In the wife's native France, things will look very different. In her favour is that conduct counts -so adulterous spouses will be penalised. In most other Western countries, divorce courts have given up attributing blame. Even domestic violence is often ignored, though it still counts heavily in some jurisdictions such as Florida.
But in the typical French divorce, any alimony -also called maintenance- will be less and for eight years at most; any prenuptial agreement will be binding.Only assets acquired during the marriage are up for grabs. If, in our example, the American husband moves to France, he will be expected to play an equal part in bringing up the children.

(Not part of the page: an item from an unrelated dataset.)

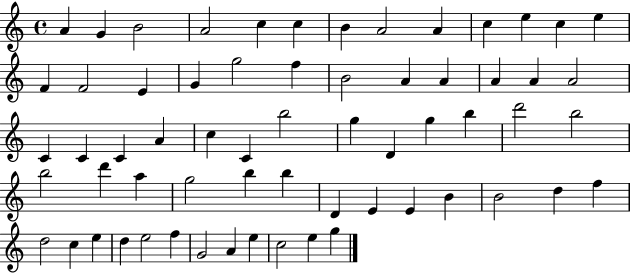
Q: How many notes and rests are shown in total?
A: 63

If the errant husband has the divorce filed in Texas, the tables are turned even more dramatically. The wife risks being left penniless. In Texas state law, alimony is usually minimal and temporary -though child support, thankfully, is a federal matter.
In America, the law varies hugely between states. Most exclude from the settlement assets acquired before the marriage. Most exclude inherited property. In most states, judges will enforce prenuptial agreements
If the Texan husband decides to file in New York, however, he may find the outcome startlingly expensive. As in some English court rulings, New York courts award one party a share of spouse's future earnings -assuming that they based on a qualification, such as an MBA or medical degree-
That was earned thanks to a joint effort in happier time. Yet New York law has one big catch: unless the parties have signed a formal separation agreement it requires proof of cruelty, adultery, or abandonment, whereas other states allow ''irreconcilable differences'' as grounds for divorce.
So binational couples in New York who want to end their marriage may find themselves unable to do it there, and squabbling about alternatives. Rules differ, too, on what constitutes a residency in particular jurisdiction. In hedonistic Las Vegas, six weeks is enough.
According to Jeremy Morley, an international divorce lawyer based in New York, hiding assets from a spouse is also much easier in some countries than the others. California, at one extreme, requires complete disclosure of assets. At the other extreme:
Austria, Japan and many other countries require very little disclosure. A Californian court, some years ago, ordered a husband to pay £390,000 in costs and penalties to his wife because he did not disclose some significant financial information.
In other jurisdiction, the assets could have stayed hidden.